◆ **Action item**
Omit all pictures and transcribe only the lines in the entries below that run from the line with "Battlewasp - Rapier the Onslaught 「EN」" through the line with "No.34 Palo Santo".

Start of Exercise data

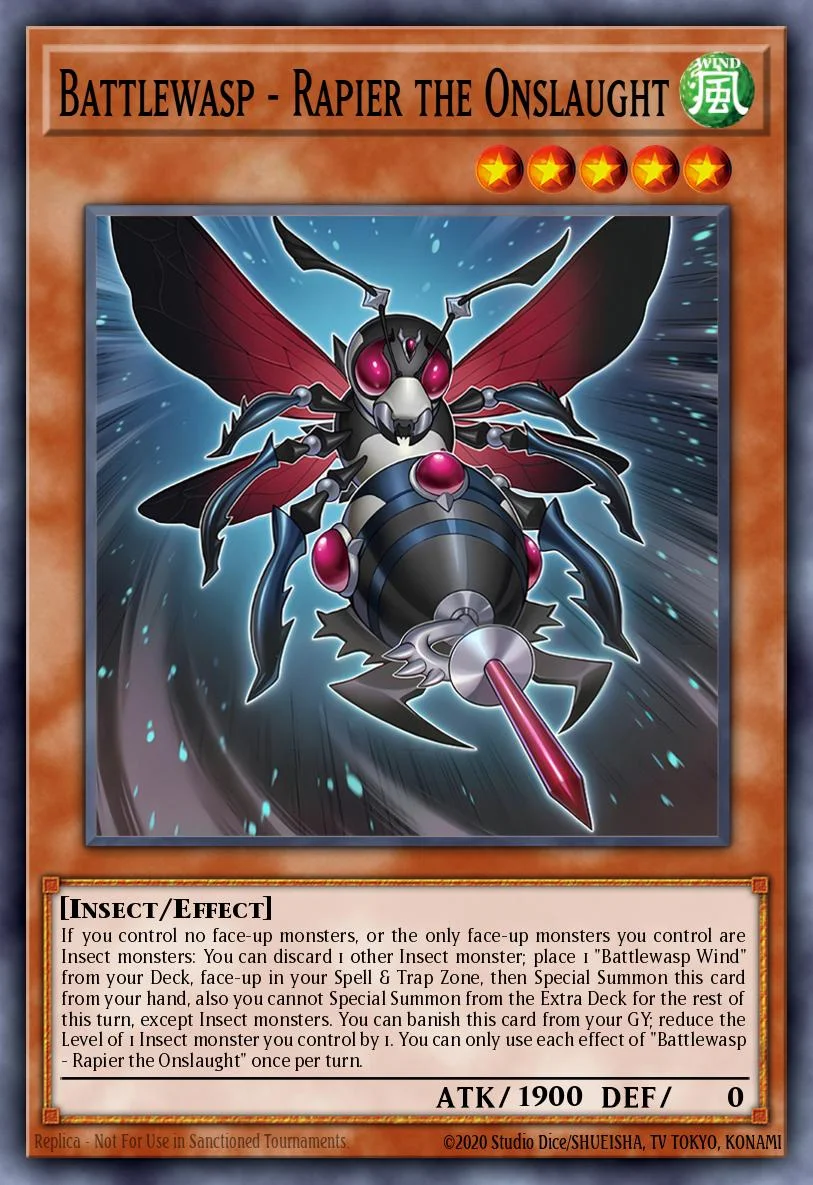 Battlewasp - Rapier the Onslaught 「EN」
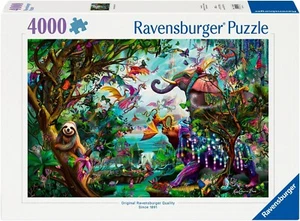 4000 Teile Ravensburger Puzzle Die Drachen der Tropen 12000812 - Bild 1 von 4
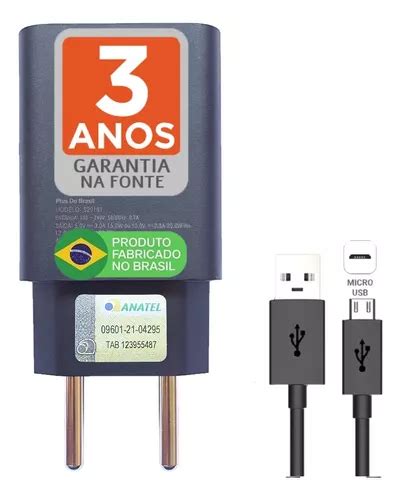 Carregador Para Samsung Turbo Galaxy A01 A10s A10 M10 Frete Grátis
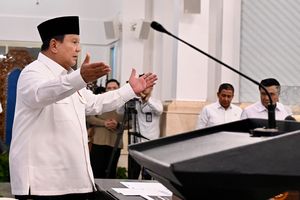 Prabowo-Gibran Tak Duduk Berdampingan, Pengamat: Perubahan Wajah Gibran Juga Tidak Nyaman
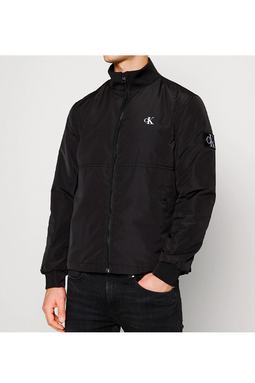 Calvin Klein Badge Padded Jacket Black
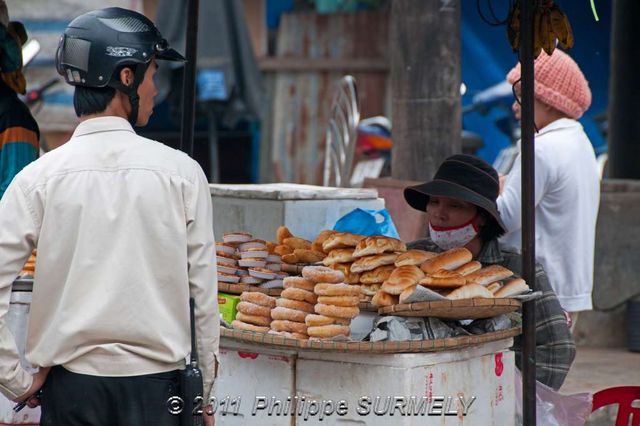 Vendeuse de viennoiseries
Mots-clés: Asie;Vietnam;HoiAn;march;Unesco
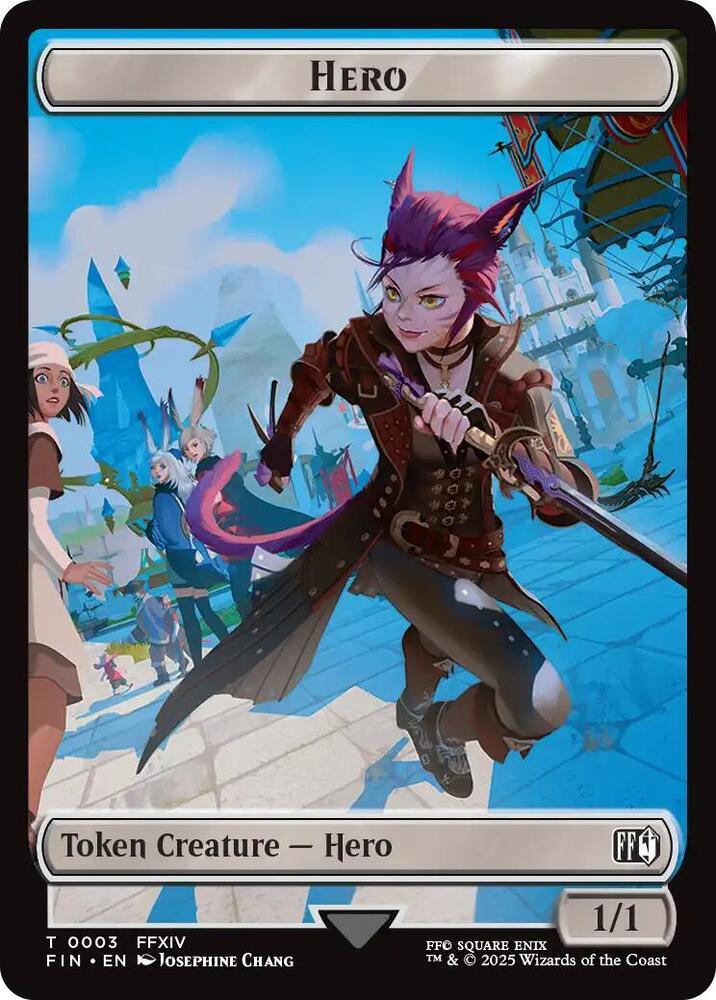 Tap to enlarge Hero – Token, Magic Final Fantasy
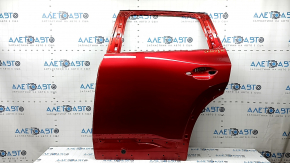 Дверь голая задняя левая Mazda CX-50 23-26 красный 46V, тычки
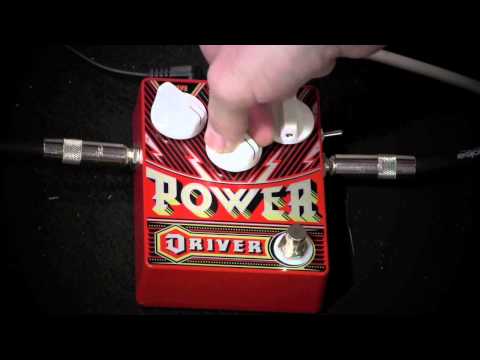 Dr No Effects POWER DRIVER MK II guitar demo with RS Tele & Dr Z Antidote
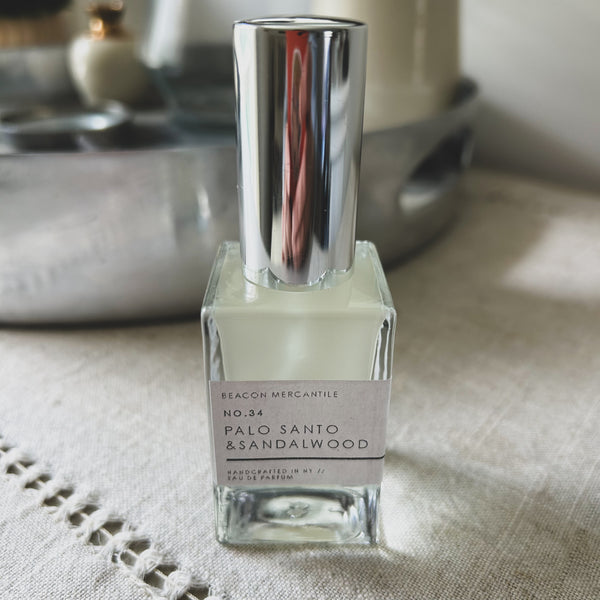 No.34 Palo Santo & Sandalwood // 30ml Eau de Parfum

End of Exercise data
Start of Exercise data

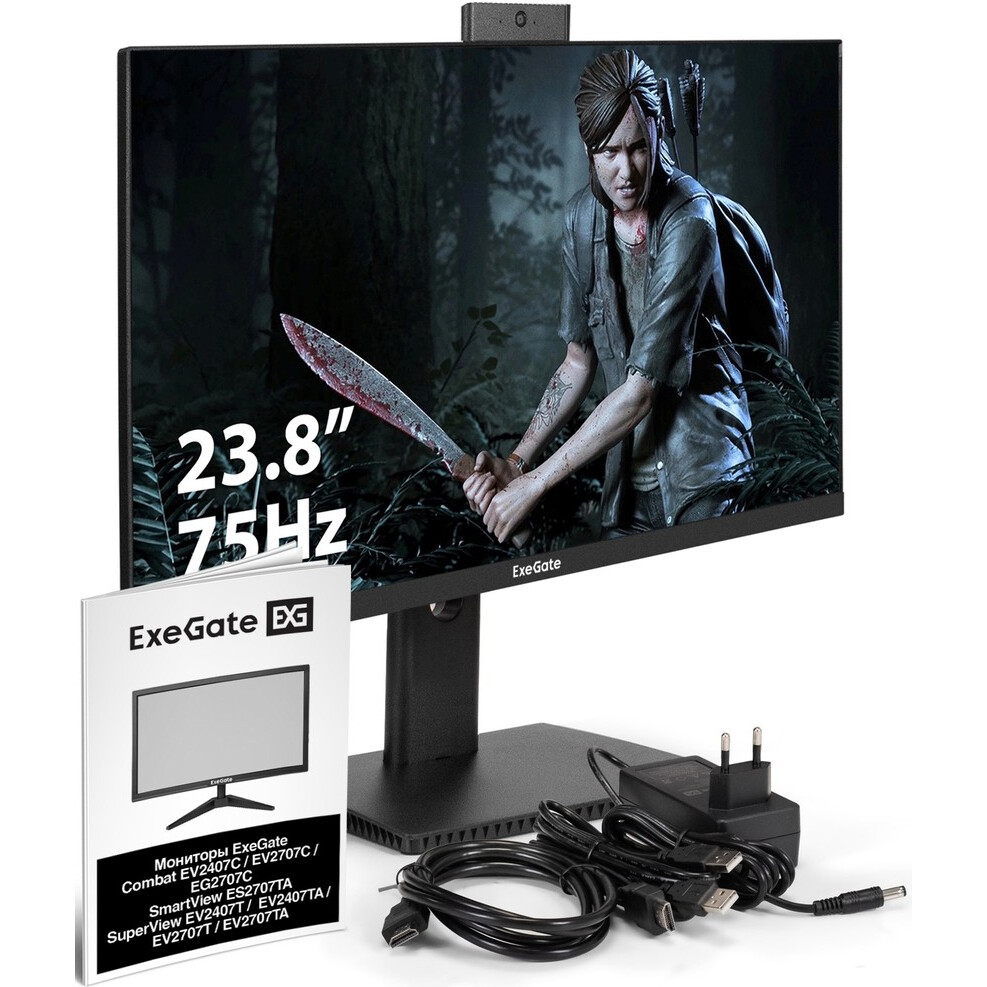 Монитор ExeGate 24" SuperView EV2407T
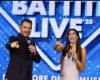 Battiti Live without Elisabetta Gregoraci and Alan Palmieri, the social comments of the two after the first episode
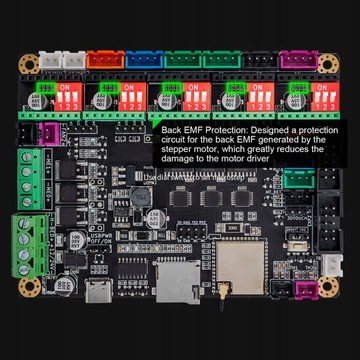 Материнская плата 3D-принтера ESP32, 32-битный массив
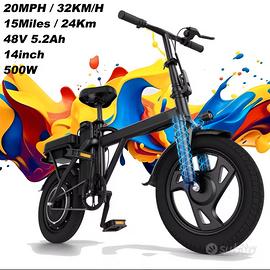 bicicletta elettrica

End of Exercise data

◆ **Written response**
 Battlewasp - Rapier the Onslaught 「EN」
 4000 Teile Ravensburger Puzzle Die Drachen der Tropen 12000812 - Bild 1 von 4
 Carregador Para Samsung Turbo Galaxy A01 A10s A10 M10 Frete Grátis
 Prabowo-Gibran Tak Duduk Berdampingan, Pengamat: Perubahan Wajah Gibran Juga Tidak Nyaman
 Calvin Klein Badge Padded Jacket Black
 Vendeuse de viennoiseries
Mots-clés: Asie;Vietnam;HoiAn;march;Unesco
 Tap to enlarge Hero – Token, Magic Final Fantasy
 Дверь голая задняя левая Mazda CX-50 23-26 красный 46V, тычки
 Dr No Effects POWER DRIVER MK II guitar demo with RS Tele & Dr Z Antidote
 No.34 Palo Santo & Sandalwood // 30ml Eau de Parfum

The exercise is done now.